RECORDS FOR THE TASK ->
Content starts
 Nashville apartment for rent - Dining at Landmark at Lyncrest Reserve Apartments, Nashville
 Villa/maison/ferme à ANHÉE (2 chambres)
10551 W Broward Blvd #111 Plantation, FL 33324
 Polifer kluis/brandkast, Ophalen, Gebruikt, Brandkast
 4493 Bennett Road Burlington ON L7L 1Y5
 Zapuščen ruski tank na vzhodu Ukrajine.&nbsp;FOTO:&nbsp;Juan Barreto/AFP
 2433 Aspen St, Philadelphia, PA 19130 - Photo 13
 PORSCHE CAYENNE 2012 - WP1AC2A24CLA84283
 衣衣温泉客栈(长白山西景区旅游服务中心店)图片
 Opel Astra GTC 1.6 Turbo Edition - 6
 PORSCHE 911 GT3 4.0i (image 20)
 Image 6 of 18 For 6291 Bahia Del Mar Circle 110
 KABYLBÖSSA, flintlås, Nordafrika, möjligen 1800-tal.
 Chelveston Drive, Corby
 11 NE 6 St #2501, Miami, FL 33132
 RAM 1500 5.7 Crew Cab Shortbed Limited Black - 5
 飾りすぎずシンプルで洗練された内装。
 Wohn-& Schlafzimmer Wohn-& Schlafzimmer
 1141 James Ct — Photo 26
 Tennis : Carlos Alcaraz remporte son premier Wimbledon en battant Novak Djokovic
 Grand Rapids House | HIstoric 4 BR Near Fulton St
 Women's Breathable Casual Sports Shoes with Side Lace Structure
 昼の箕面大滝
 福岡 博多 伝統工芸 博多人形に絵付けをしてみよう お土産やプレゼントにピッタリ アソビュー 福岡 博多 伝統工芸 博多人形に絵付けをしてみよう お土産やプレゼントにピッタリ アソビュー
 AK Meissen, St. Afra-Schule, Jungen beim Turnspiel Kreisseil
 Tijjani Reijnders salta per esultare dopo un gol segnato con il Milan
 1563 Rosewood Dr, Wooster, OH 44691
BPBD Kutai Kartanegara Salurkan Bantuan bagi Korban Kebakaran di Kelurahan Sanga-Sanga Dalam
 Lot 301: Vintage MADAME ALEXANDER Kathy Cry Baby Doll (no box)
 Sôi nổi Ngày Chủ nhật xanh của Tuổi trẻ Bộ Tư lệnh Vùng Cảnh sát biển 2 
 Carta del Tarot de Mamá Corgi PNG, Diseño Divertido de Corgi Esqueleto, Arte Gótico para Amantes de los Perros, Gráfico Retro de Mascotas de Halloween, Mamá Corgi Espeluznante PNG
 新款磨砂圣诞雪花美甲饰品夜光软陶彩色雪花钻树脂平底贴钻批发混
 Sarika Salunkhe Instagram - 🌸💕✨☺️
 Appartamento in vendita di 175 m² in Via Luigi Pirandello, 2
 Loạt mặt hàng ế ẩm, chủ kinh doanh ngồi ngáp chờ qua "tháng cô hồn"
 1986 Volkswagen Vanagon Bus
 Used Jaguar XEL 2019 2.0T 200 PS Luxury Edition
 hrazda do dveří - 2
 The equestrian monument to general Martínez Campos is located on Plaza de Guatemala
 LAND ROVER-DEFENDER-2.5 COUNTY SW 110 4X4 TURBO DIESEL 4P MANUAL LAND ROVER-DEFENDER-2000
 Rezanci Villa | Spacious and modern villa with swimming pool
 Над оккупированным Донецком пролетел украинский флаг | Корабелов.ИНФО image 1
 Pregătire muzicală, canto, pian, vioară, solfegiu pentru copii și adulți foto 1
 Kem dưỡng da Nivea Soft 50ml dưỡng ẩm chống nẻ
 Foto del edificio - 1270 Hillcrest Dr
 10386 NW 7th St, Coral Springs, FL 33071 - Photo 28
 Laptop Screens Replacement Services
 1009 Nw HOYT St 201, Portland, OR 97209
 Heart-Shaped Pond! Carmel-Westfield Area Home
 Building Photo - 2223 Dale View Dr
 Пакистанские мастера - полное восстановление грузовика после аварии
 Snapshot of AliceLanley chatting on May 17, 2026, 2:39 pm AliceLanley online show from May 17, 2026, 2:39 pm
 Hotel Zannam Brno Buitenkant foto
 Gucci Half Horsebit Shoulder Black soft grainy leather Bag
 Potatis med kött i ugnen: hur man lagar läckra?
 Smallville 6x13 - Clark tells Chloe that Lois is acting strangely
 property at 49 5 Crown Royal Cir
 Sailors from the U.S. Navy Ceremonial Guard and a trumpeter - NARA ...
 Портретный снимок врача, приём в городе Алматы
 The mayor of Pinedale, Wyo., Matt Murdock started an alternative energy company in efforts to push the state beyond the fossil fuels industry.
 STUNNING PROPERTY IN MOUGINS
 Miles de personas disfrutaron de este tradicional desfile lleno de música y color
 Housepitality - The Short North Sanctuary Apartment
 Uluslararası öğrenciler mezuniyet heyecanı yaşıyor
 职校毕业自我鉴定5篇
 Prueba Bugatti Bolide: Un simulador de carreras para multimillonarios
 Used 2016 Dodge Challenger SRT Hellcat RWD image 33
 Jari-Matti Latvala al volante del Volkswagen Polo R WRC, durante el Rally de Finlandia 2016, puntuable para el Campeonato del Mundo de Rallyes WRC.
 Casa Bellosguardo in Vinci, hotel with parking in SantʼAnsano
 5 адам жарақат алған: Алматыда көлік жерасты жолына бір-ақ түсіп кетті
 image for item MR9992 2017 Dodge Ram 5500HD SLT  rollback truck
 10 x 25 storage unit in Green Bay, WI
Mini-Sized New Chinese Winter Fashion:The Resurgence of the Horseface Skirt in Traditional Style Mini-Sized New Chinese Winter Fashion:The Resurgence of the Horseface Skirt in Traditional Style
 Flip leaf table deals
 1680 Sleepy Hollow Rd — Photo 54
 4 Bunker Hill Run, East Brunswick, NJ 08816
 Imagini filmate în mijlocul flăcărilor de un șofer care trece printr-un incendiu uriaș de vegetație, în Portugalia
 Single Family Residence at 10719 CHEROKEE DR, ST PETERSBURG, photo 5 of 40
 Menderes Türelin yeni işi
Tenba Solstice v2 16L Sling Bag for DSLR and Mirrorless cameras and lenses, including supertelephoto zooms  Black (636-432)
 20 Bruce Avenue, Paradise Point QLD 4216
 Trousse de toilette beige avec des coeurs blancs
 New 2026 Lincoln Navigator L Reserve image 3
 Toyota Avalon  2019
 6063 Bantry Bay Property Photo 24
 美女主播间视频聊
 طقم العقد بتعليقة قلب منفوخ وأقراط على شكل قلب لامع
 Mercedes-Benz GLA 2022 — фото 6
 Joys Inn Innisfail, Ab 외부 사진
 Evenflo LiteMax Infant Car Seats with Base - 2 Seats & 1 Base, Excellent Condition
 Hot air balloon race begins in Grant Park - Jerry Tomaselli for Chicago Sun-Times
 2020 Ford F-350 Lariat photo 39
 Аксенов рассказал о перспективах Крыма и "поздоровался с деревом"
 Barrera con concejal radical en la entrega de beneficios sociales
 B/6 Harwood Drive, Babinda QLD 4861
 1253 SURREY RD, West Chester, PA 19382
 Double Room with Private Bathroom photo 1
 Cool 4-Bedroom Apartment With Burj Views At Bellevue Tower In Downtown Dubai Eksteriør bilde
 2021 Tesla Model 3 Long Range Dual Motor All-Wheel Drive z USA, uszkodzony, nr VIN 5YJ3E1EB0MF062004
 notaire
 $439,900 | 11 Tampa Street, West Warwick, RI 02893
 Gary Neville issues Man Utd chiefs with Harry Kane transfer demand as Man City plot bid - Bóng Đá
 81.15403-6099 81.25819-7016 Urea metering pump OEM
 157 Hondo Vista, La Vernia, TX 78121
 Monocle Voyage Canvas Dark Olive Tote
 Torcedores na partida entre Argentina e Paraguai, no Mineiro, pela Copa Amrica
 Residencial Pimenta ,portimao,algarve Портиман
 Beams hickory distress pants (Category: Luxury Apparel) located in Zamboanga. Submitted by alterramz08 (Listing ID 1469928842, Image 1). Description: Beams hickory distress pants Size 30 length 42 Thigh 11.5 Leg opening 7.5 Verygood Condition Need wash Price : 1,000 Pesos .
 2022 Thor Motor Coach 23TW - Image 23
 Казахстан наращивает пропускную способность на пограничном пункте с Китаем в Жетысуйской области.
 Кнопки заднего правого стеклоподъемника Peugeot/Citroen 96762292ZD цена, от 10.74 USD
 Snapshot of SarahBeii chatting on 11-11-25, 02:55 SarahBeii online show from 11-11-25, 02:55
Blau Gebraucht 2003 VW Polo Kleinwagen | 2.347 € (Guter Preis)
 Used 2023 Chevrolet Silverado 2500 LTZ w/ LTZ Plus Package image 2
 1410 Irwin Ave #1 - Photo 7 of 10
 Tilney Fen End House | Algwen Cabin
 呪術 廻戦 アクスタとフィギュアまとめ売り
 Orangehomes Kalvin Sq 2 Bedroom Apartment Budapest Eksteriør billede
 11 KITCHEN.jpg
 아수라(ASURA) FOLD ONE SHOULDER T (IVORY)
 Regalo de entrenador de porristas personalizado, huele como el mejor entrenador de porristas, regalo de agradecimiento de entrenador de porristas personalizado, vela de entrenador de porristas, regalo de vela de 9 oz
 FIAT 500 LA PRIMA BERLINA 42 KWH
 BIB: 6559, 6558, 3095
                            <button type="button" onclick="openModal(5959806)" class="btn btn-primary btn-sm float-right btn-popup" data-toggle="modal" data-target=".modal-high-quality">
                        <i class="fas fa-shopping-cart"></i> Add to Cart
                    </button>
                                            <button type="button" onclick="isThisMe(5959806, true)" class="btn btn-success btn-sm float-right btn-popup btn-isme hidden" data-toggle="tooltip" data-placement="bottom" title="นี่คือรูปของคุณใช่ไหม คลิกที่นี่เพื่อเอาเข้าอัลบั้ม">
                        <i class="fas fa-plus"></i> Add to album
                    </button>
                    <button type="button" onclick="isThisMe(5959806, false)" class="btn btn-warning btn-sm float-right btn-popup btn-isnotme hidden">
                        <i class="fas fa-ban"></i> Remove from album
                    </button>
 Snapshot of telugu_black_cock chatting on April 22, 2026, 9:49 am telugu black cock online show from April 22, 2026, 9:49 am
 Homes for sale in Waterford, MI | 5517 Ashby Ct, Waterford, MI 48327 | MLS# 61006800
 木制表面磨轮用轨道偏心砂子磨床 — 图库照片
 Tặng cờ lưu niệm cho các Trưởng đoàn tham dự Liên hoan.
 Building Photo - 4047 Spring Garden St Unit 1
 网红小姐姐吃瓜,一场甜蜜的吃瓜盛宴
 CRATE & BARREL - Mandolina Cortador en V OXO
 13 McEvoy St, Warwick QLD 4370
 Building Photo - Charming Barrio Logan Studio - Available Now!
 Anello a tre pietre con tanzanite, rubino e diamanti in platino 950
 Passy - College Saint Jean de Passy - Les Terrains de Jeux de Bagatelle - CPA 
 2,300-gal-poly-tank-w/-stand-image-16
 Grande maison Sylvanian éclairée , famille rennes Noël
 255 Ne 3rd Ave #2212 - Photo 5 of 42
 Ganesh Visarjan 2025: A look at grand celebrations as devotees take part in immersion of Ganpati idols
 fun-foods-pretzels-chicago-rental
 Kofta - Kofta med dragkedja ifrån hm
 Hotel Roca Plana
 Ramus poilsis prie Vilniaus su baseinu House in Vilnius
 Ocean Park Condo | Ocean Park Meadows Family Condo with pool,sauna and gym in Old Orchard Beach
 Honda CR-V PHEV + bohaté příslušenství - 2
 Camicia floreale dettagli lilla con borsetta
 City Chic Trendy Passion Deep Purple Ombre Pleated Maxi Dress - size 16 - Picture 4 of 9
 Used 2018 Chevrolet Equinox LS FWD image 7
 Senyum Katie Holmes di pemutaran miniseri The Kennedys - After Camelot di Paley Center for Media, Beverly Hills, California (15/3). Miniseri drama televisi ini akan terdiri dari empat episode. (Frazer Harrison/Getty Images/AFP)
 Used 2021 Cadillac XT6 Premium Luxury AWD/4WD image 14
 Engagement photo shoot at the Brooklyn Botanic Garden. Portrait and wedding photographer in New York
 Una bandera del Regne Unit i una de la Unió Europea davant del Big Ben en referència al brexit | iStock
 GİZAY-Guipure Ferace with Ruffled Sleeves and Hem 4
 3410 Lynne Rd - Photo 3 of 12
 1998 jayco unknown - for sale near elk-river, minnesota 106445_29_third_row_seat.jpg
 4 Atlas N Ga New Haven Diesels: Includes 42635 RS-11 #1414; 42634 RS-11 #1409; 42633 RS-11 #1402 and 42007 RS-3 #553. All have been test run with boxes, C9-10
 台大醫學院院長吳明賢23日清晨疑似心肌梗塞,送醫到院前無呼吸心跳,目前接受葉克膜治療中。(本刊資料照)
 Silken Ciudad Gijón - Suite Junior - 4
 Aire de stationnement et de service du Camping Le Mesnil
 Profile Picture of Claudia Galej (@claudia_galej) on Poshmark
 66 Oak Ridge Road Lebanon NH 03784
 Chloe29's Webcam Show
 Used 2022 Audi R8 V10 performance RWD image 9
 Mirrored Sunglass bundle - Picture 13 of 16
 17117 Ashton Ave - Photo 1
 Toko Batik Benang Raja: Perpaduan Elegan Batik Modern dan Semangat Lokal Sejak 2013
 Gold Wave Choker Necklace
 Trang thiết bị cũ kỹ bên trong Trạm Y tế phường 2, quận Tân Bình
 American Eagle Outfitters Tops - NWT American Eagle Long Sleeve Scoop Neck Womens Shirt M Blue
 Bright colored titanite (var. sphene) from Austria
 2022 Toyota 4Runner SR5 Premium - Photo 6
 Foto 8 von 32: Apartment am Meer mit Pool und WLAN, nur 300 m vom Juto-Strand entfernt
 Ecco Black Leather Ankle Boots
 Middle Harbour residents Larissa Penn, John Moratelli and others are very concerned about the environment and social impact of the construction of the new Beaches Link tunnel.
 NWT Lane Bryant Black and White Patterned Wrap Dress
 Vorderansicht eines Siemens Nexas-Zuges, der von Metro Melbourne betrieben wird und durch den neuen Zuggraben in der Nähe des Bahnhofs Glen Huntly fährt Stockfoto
Content ends
WORK INSTRUCTION -> Where in the records above does the word "data" appear? Copy each line that holds it.

OUTPUT OF THE TASK ->
                            <button type="button" onclick="openModal(5959806)" class="btn btn-primary btn-sm float-right btn-popup" data-toggle="modal" data-target=".modal-high-quality">
                                            <button type="button" onclick="isThisMe(5959806, true)" class="btn btn-success btn-sm float-right btn-popup btn-isme hidden" data-toggle="tooltip" data-placement="bottom" title="นี่คือรูปของคุณใช่ไหม คลิกที่นี่เพื่อเอาเข้าอัลบั้ม">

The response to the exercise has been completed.